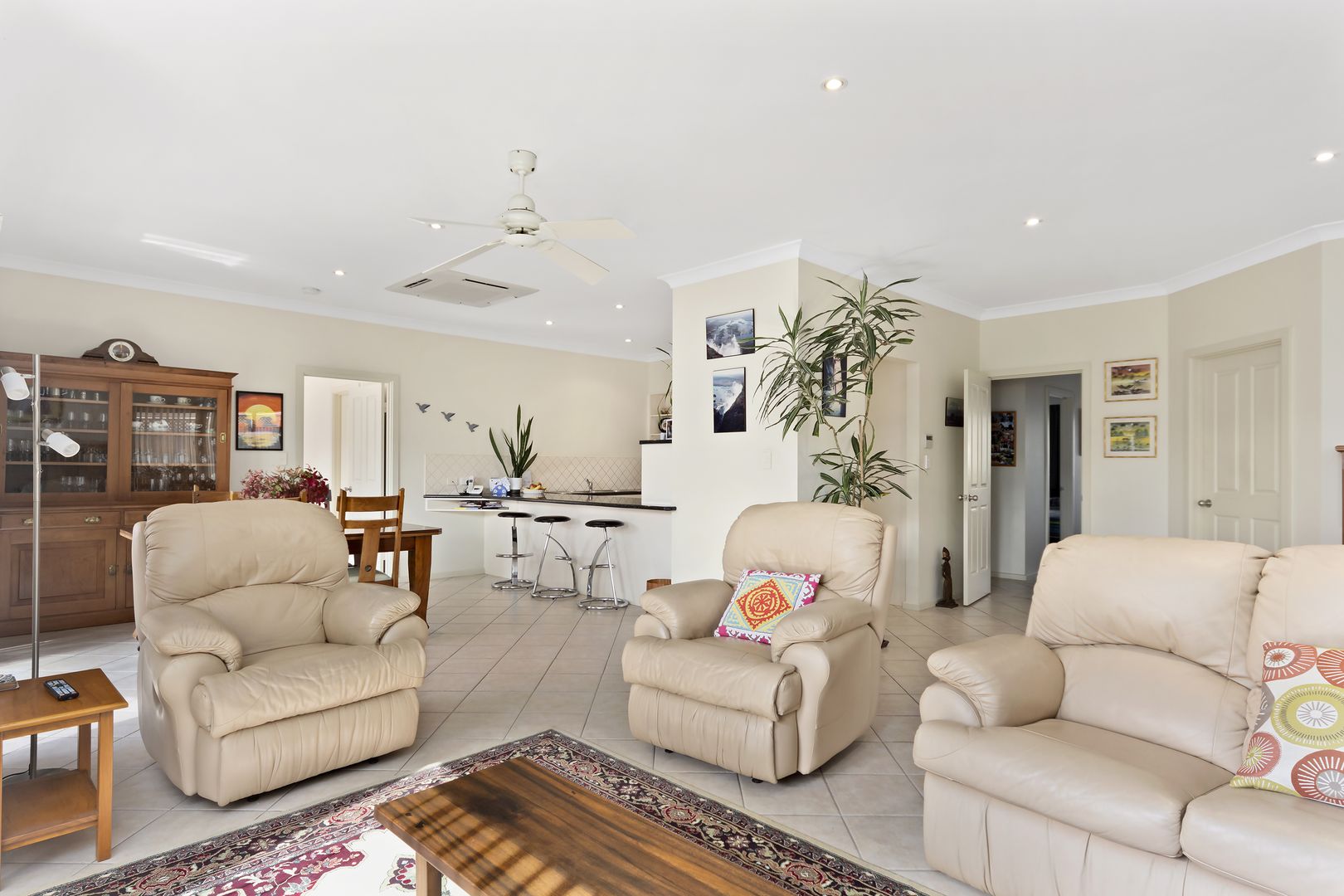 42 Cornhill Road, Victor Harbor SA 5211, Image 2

§

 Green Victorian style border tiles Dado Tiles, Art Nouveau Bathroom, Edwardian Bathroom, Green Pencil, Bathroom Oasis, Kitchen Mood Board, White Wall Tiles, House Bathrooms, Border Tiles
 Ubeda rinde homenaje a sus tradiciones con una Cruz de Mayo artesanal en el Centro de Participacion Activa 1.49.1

§

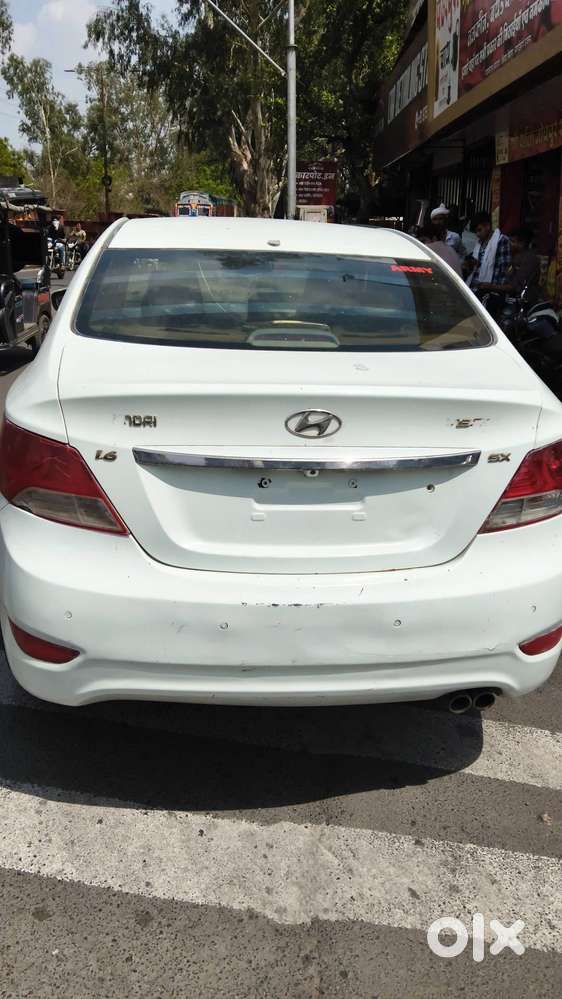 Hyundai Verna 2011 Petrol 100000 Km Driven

§

## What you will do
Give the exact lines, and only those, from the line containing "Green Victorian style" through the line containing "Ubeda rinde homenaje" in the entries above.

## Solution to this task
 Green Victorian style border tiles Dado Tiles, Art Nouveau Bathroom, Edwardian Bathroom, Green Pencil, Bathroom Oasis, Kitchen Mood Board, White Wall Tiles, House Bathrooms, Border Tiles
 Ubeda rinde homenaje a sus tradiciones con una Cruz de Mayo artesanal en el Centro de Participacion Activa 1.49.1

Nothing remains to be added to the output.